On Fri, Jan 24, 2025 at 05:58:09AM +0000, Matthew Wilcox wrote:
> On Wed, Jan 15, 2025 at 10:58:54AM -0800, Joshua Hahn wrote:
> > On machines with multiple memory nodes, interleaving page allocations
> > across nodes allows for better utilization of each node's bandwidth.
> > Previous work by Gregory Price [1] introduced weighted interleave, which
> > allowed for pages to be allocated across NUMA nodes according to
> > user-set ratios.
> 
> I still don't get it.  You always want memory to be on the local node or
> the fabric gets horribly congested and slows you right down.  But you're
> not really talking about NUMA, are you?  You're talking about CXL.
> 
> And CXL is terrible for bandwidth.  I just ran the numbers.
> 
> On a current Intel top-end CPU, we're looking at 8x DDR5-4800 DIMMs,
> each with a bandwidth of 38.4GB/s for a total of 300GB/s.
> 
> For each CXL lane, you take a lane of PCIe gen5 away.  So that's
> notionally 32Gbit/s, or 4GB/s per lane.  But CXL is crap, and you'll be
> lucky to get 3 cachelines per 256 byte packet, dropping you down to 3GB/s.
> You're not going to use all 80 lanes for CXL (presumably these CPUs are
> going to want to do I/O somehow), so maybe allocate 20 of them to CXL.
> That's 60GB/s, or a 20% improvement in bandwidth.  On top of that,
> it's slow, with a minimum of 10ns latency penalty just from the CXL
> encode/decode penalty.
>

From the original - the performance tests show considerable opportunity
in the scenarios where DRAM bandwidth is pressured - as you can either

1) Lower the DRAM bandwidth pressure by offloading some cachelines to
   CXL - reducing latency on DRAM and reducing average latency overall.

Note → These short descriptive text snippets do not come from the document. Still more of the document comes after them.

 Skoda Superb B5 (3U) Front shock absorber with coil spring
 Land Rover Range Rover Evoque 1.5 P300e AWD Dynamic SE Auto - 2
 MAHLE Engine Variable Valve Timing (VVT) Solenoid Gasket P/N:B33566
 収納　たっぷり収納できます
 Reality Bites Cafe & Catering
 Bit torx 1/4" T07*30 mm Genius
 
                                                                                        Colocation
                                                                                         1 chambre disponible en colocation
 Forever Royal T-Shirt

   The latency cost on CXL lines gets amortized over all DRAM fetches
   no longer hitting stalls.

2) Under full-pressure scenarios (DRAM and CXL are saturated), the
   additional lanes / buffers provide more concurrent fetches - i.e.
   you're just doing more work (and avoiding going to storage).

   This is the weaker of the two scenarios.

No one is proposing we switch the default policy to weighted interleave.

= Performance summary =
(tests may have different configurations, see extended info below)
1) MLC (W2) : +38% over DRAM. +264% over default interleave.
   MLC (W5) : +40% over DRAM. +226% over default interleave.
2) Stream   : -6% to +4% over DRAM, +430% over default interleave.
3) XSBench  : +19% over DRAM. +47% over default interleave.

=====================================================================
Performance tests - MLC
From - Ravi Jonnalagadda <ravis.opensrc@micron.com>

Hardware: Single-socket, multiple CXL memory expanders.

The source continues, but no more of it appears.